• [Exercise directions]: Repeat the span of the entries below that starts at the line with "round-steak-beef-and-noodles-barbara-bakes image" and ends at the line with "Babette crystalembellished black mini dress", nothing more. Skip the pictures.

• [Data excerpts]:
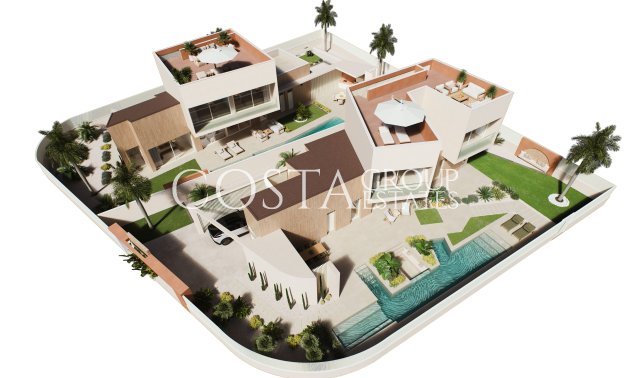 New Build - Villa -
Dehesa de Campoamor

* * *

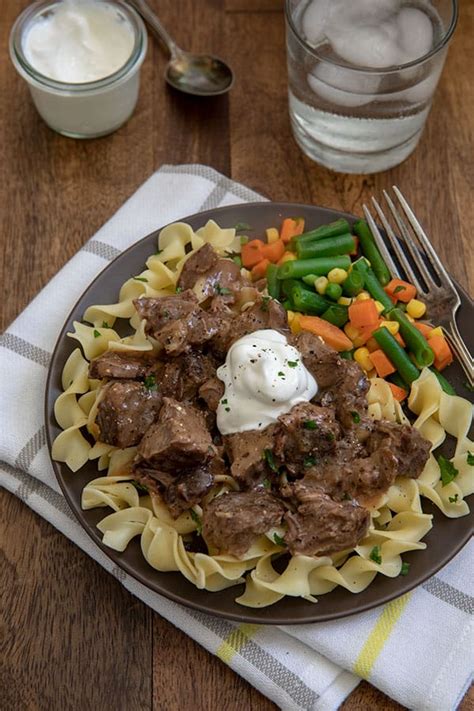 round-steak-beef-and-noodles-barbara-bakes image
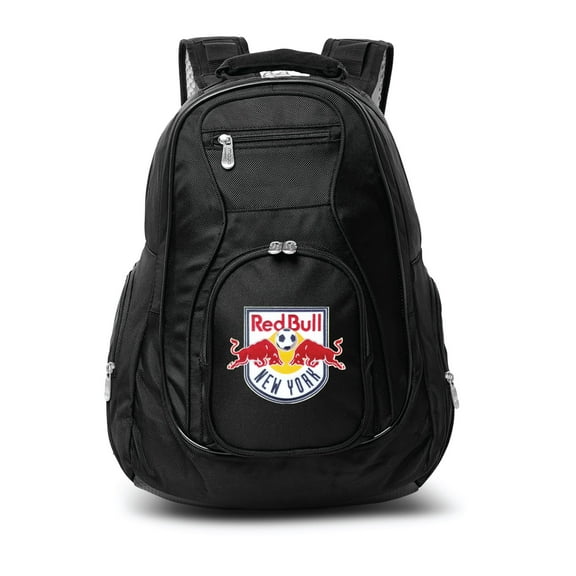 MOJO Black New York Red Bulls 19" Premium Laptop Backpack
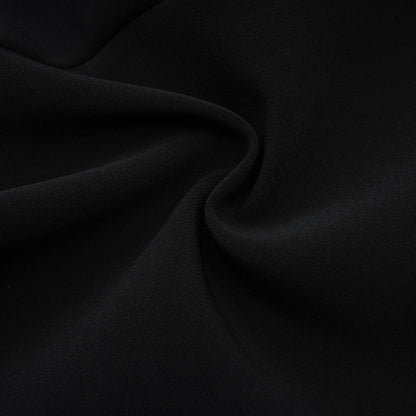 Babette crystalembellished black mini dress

• [Response below]:
 round-steak-beef-and-noodles-barbara-bakes image
 MOJO Black New York Red Bulls 19" Premium Laptop Backpack
 Babette crystalembellished black mini dress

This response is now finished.